In rheumatoid arthritis (RA), insufficient apoptosis of macrophages and excessive generation of pro-inflammatory cytokines are intimately connected, accelerating the development of disease. Here, a fluorinated polyamidoamine dendrimer (FP) is used to deliver miR-23b to reduce inflammation by triggering the apoptosis of as well as inhibiting the inflammatory response in macrophages. Following the intravenous injection of FP/miR-23b nanoparticles in experimental RA models, the nanoparticles show therapeutic efficacy with inhibition of inflammatory response, reduced bone and cartilage erosion, suppression of synoviocyte infiltration and the recovery of mobility. Moreover, the nanoparticles accumulate in the inflamed joint and are non-specifically captured by synoviocytes, leading to the restoration of miR-23b expression in the synovium. The miR-23b nanoparticles target Tab2, Tab3 and Ikka to regulate the activation of NF-κB pathway in the hyperplastic synovium, thereby promoting anti-inflammatory and anti-proliferative responses. Additionally, the intravenous administration of FP/miR-23b nanoparticles do not induce obvious systemic toxicity. Overall, our work demonstrates that the combination of apoptosis induction and inflammatory inhibition could be a promising approach in the treatment of RA and possibly other autoimmune diseases.

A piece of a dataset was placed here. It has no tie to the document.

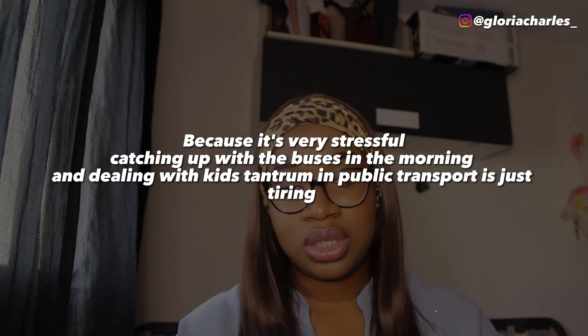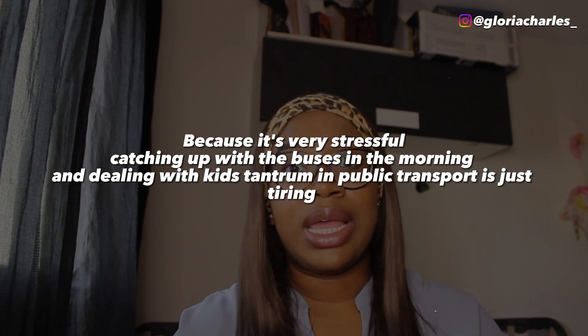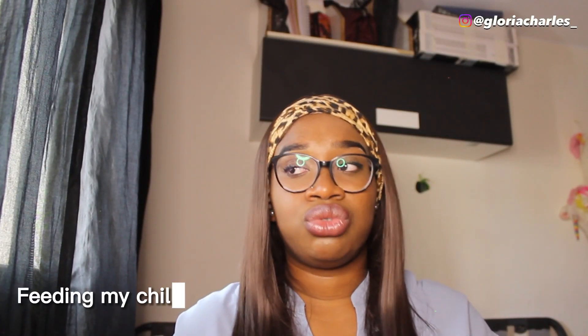Number two: get a car. As of now we don't have a car. My husband has been driving in Nigeria but not here, and I don't have a driving license — though I want to register for driving school soon. Where we live everything is close by, but it is really stressful to use public transport with a child and deal with tantrums on the bus.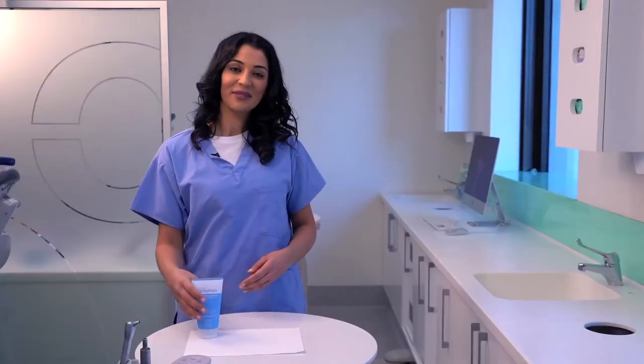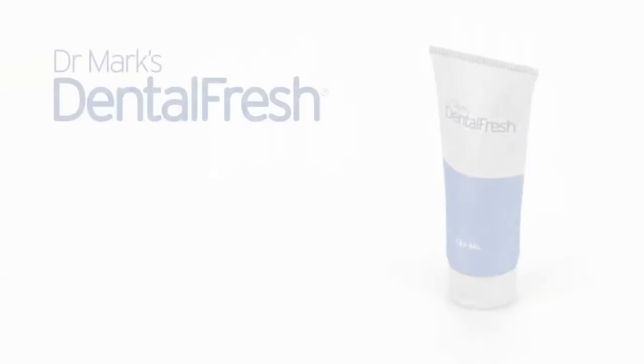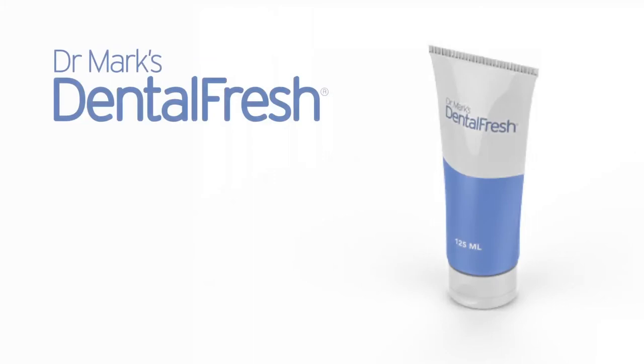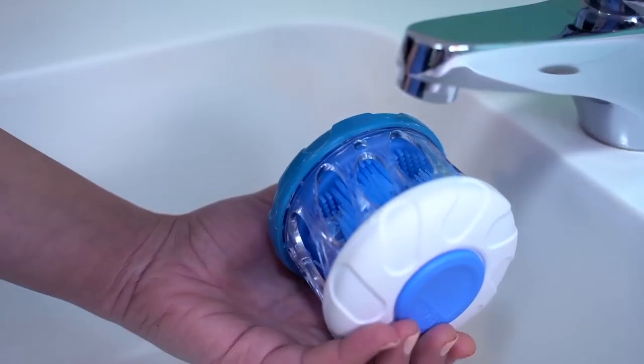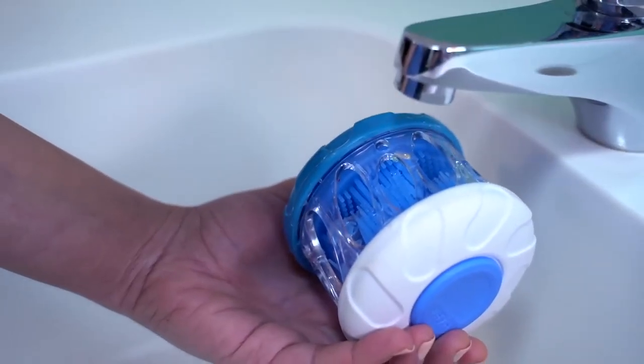Now let's apply Dental Fresh. Dental Fresh is custom formulated to clean all types of dental appliances. Three to five generous drops and a splash of water is all you need.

在类风湿关节炎（RA）中，巨噬细胞凋亡不足与促炎细胞因子的过度生成密切相关，加速了疾病的发展。在这里，氟化聚酰胺胺树枝状聚合物 (FP) 用于传递 miR-23b，通过触发巨噬细胞的细胞凋亡和抑制巨噬细胞的炎症反应来减少炎症。在实验性 RA 模型中静脉注射 FP/miR-23b 纳米颗粒后，纳米颗粒显示出抑制炎症反应、减少骨和软骨侵蚀、抑制滑膜细胞浸润和恢复活动性的治疗功效。此外，纳米颗粒积聚在发炎的关节中，并被滑膜细胞非特异性捕获，导致滑膜中 miR-23b 表达的恢复。Tab2、Tab3和Ikka调节增生性滑膜中 NF-κB 通路的激活，从而促进抗炎和抗增殖反应。此外，FP/miR-23b 纳米颗粒的静脉内给药不会引起明显的全身毒性。总的来说，我们的工作表明，细胞凋亡诱导和炎症抑制的结合可能是治疗 RA 和可能的其他自身免疫性疾病的一种有前途的方法。